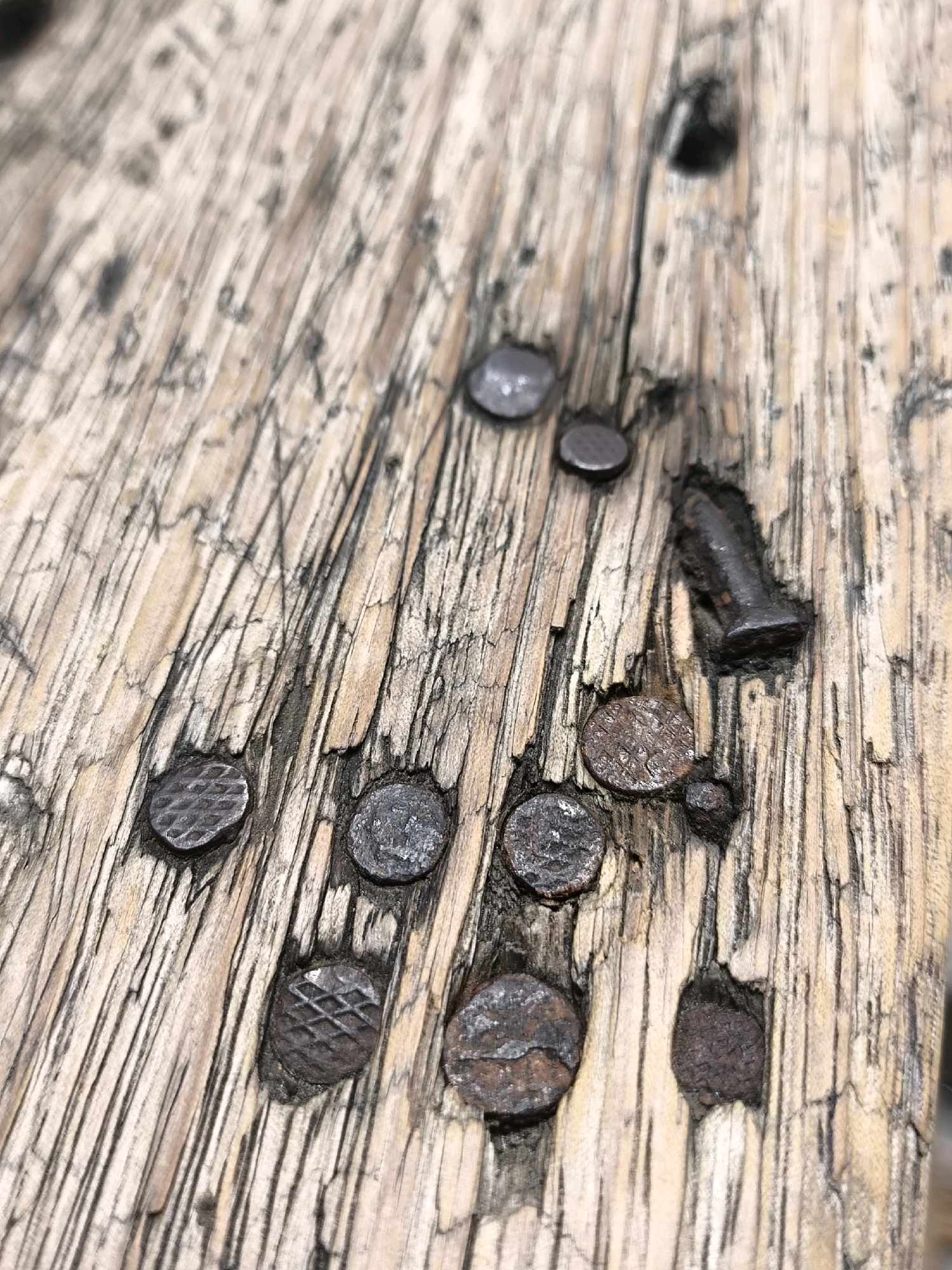 The image shows a close-up, high-angle shot of several old, rusty nails embedded in weathered, light-brown wooden planks. The wood exhibits a rough, grainy texture with visible cracks and vertical grain lines. The nails vary in size and condition, with some having intact heads and others appearing worn or partially submerged in the wood. The lighting is natural and casts soft shadows, highlighting the textures of the wood and metal. The overall scene conveys a sense of age and disuse. There is no indication of a specific location in South Jakarta, Indonesia, or any people, actions, or interactions depicted in the image.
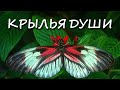 Крылья души - стихи для души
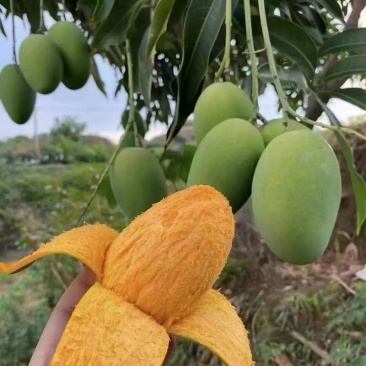 雷州覃斗芒果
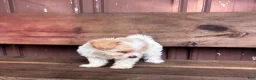 Mixed Breed dogs for sale: Mixed Breed Puppy 1 - Ad 7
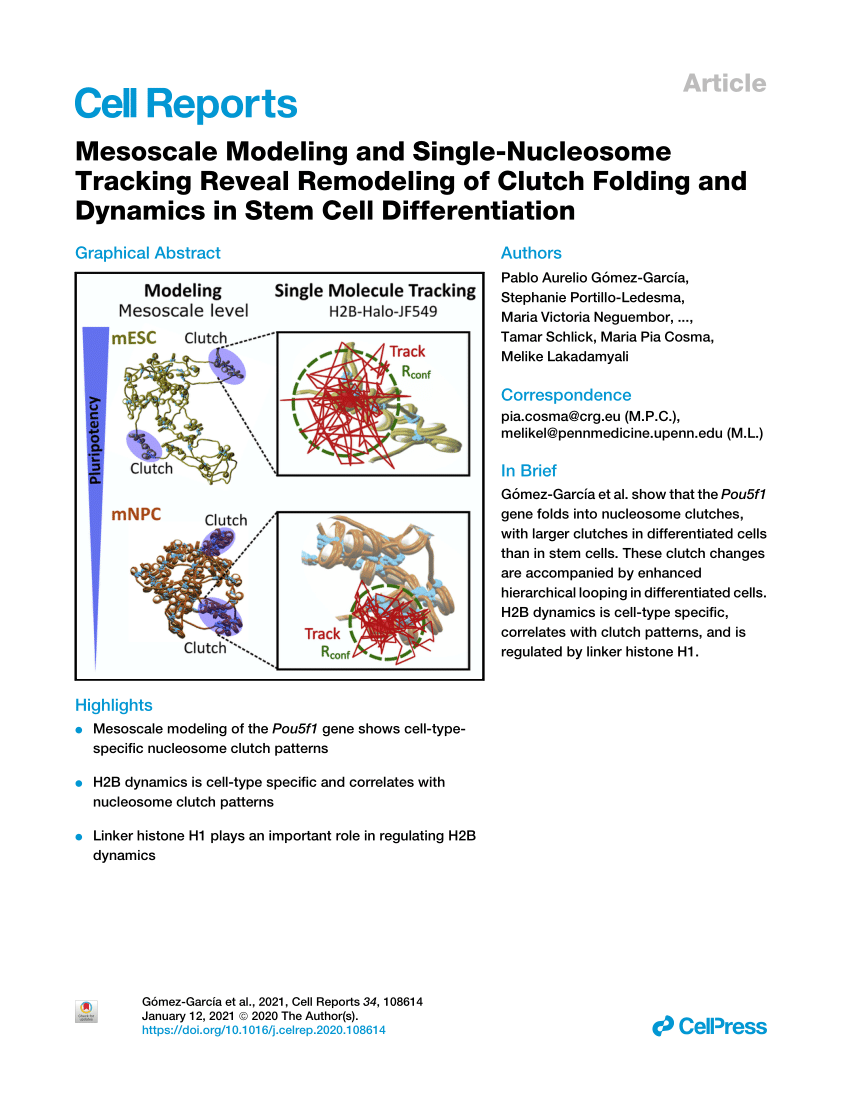 Pdf Mesoscale Modeling And Single Nucleosome Tracking Reveal Remodeling Of Clutch Folding And Dynamics In Stem Cell Differentiation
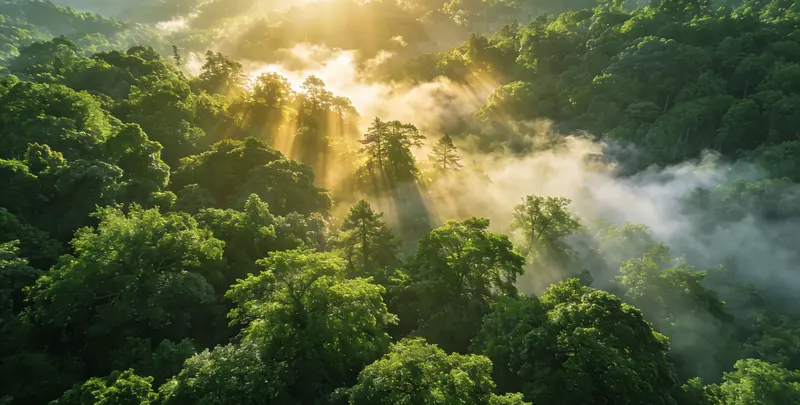 承德肺癌靶向120基因检测（组织）图片1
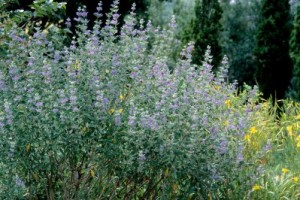 Dark Knight Bluebeard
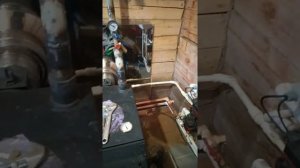 Зота Тополь М 20 кВ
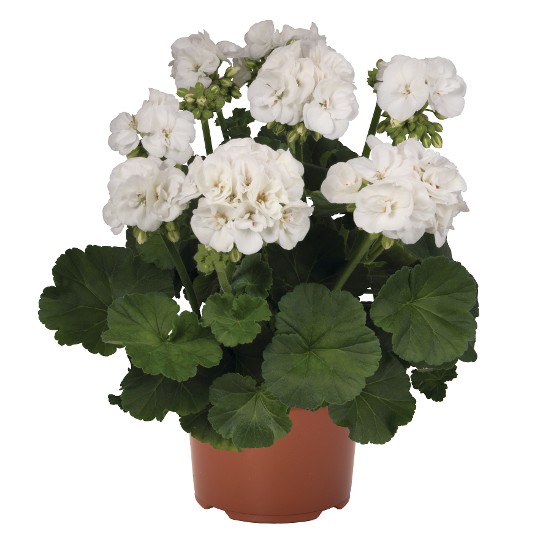 Green Idols White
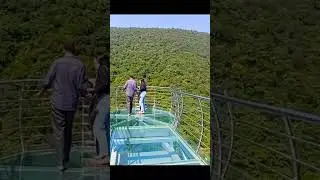 Glass Bridge | Nature Safari | Rajgir | #shorts
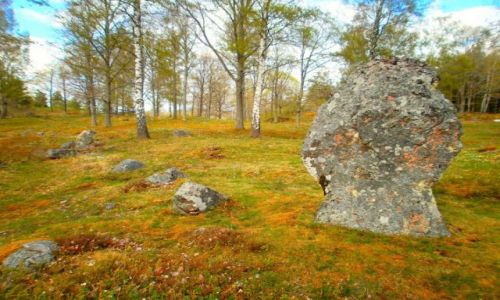 Zdjecie SZWECJA / Sdermanland / Sztokholm / Nykoping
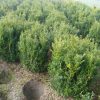 Buxus sempervirens large arbuste en motte - 60-70-fr - 50-fr - en-motte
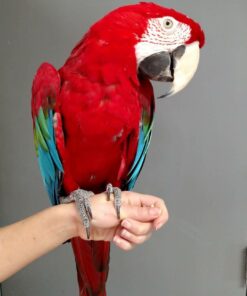 Green-Winged Macaw Parrots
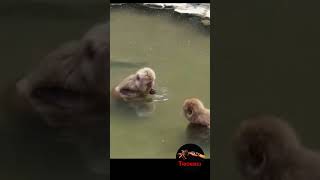 MONOS DE NIEVE – Macaco Japones en aguas termales [upl. by Akiehs428]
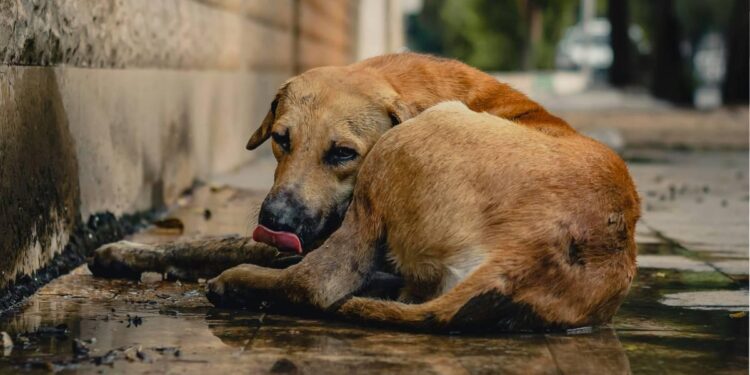 Hacia el fin del abandono: España unificará el registro de animales de compañía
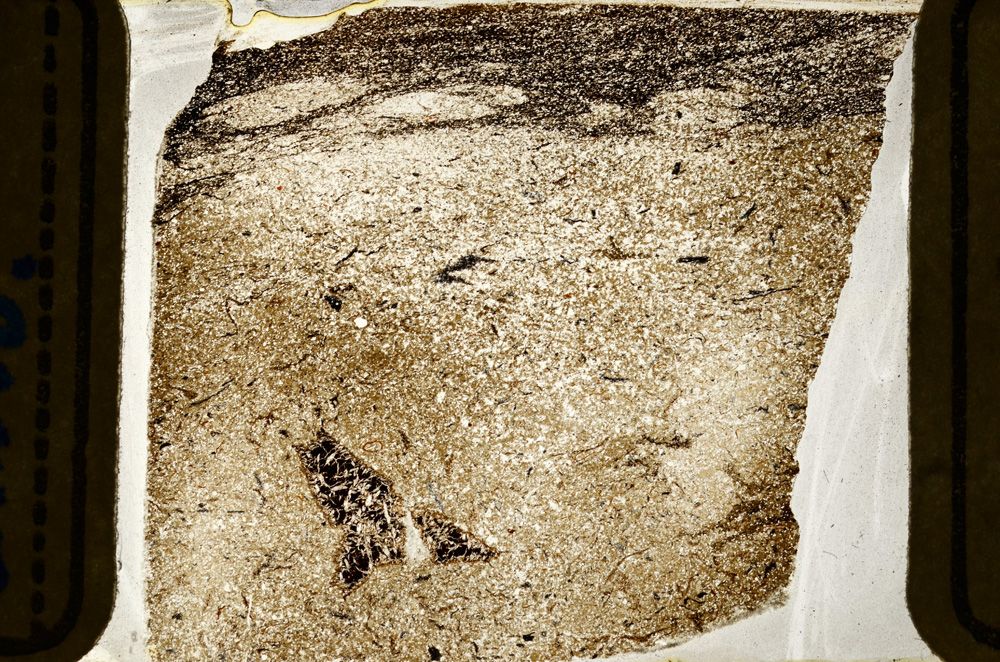 Plane Polarized, ED8840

==*==

- Requirement
Would you please copy, exactly and only, the lines from the one with "Buxus sempervirens large" through the end of the entries above, skipping every picture?

- Response to the exercise
 Buxus sempervirens large arbuste en motte - 60-70-fr - 50-fr - en-motte
 Green-Winged Macaw Parrots
 MONOS DE NIEVE – Macaco Japones en aguas termales [upl. by Akiehs428]
 Hacia el fin del abandono: España unificará el registro de animales de compañía
 Plane Polarized, ED8840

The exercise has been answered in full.